### Work to be completed
Reproduce the listing in full. Omit the pictures.

### Task data
:::
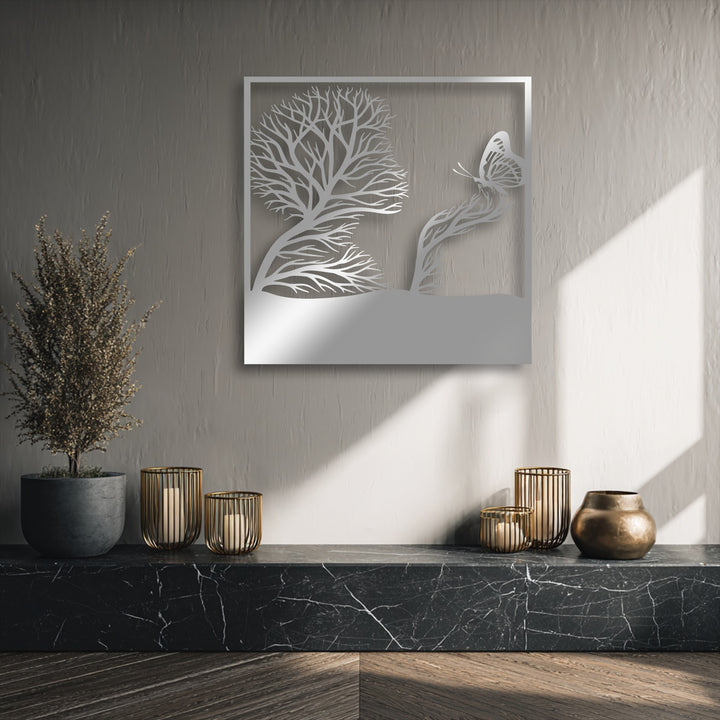 The brightest area showcases natural light illuminating the lower section of a whimsical tree and butterfly artistic nature decorative metal art piece.
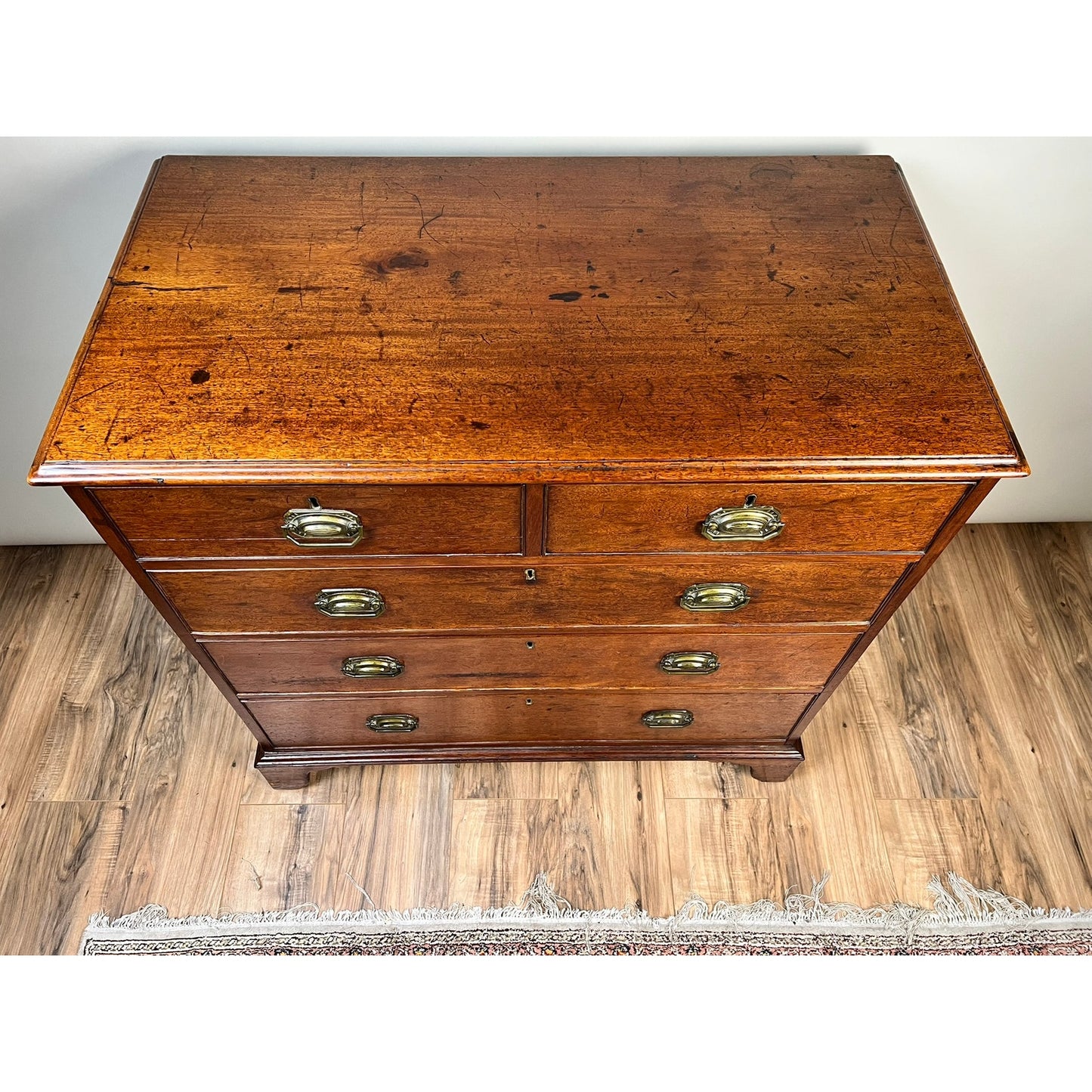 A stunning Late Georgian English Mahogany Chest of Drawers, dating from circa 1780–1810, stands on a wooden floor beside a fringed rug. Featuring four spacious drawers with brass handles and a gently aged surface, this antique piece exemplifies timeless elegance and craftsmanship.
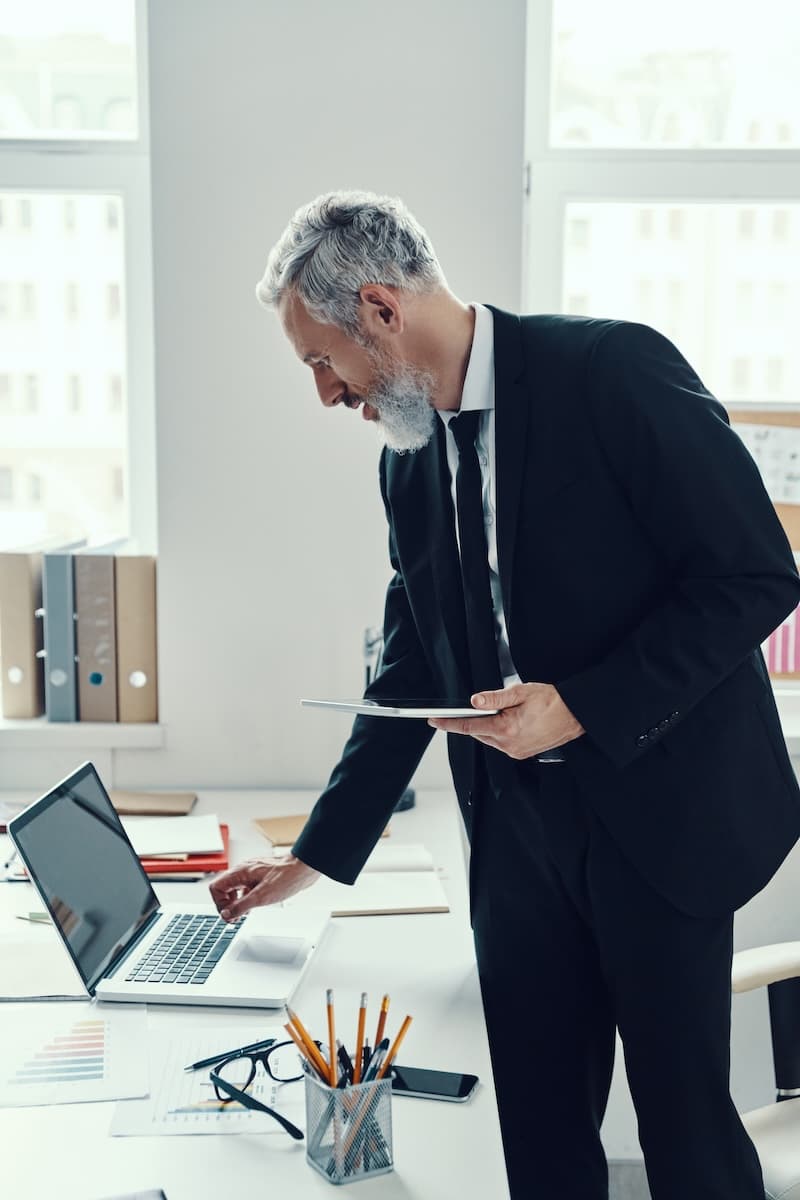 Elderly man in a suit using a laptop at a desk, holding a tablet. Office supplies are visible around him.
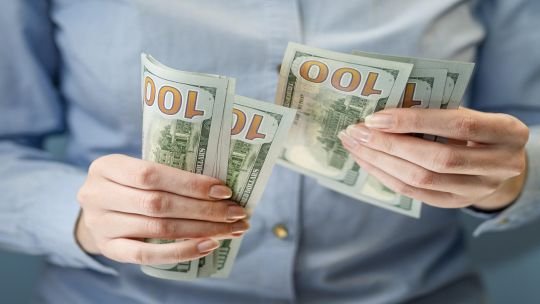 Billetes de dólar sobre una mesa con fondo de gráfico de cotizaciones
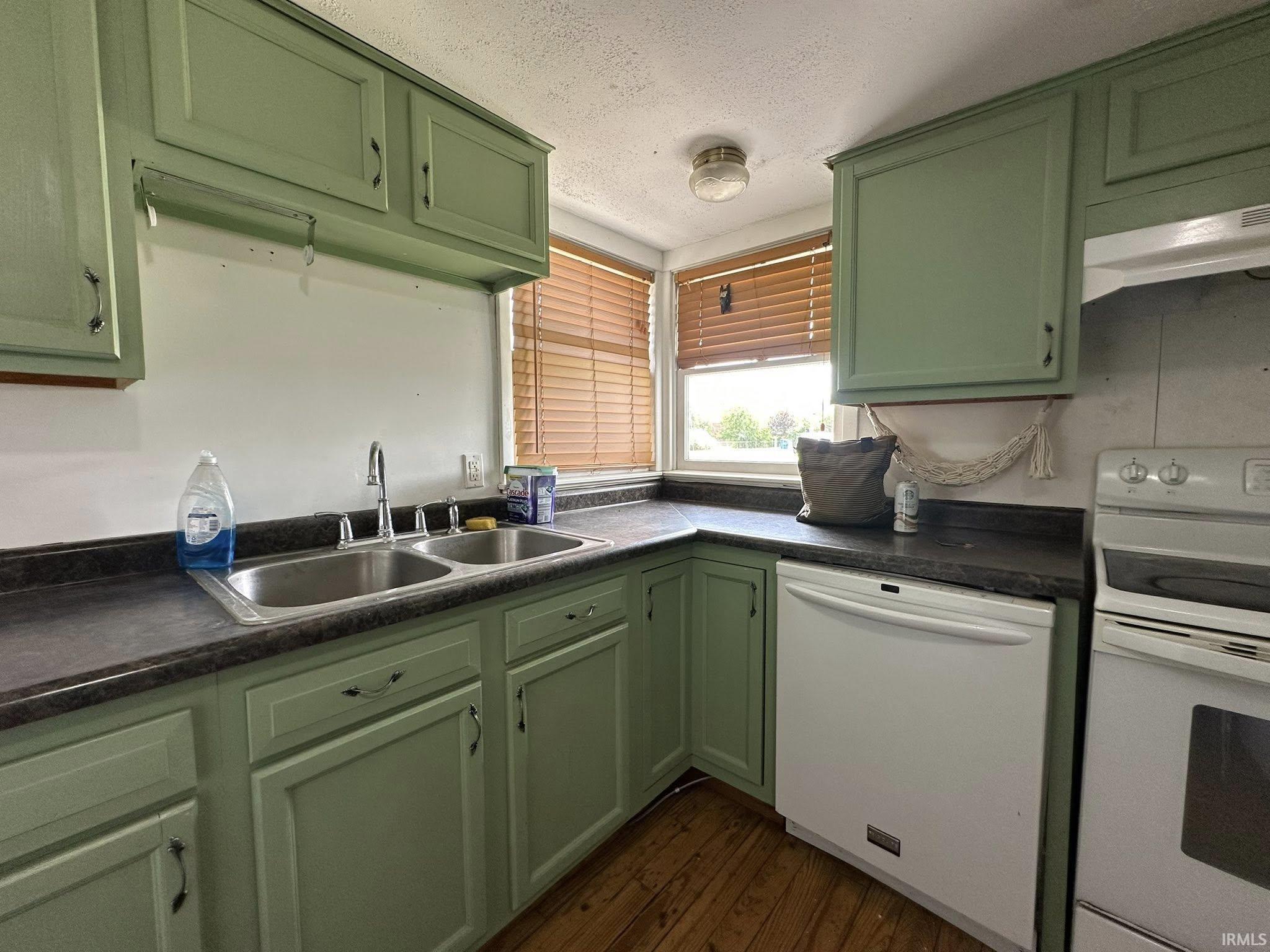Kitchen featuring green cabinetry, dark countertops, a double basin stainless steel sink, and wood-finish flooring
:::
### Solution
 The brightest area showcases natural light illuminating the lower section of a whimsical tree and butterfly artistic nature decorative metal art piece.
 A stunning Late Georgian English Mahogany Chest of Drawers, dating from circa 1780–1810, stands on a wooden floor beside a fringed rug. Featuring four spacious drawers with brass handles and a gently aged surface, this antique piece exemplifies timeless elegance and craftsmanship.
 Elderly man in a suit using a laptop at a desk, holding a tablet. Office supplies are visible around him.
 Billetes de dólar sobre una mesa con fondo de gráfico de cotizaciones
Kitchen featuring green cabinetry, dark countertops, a double basin stainless steel sink, and wood-finish flooring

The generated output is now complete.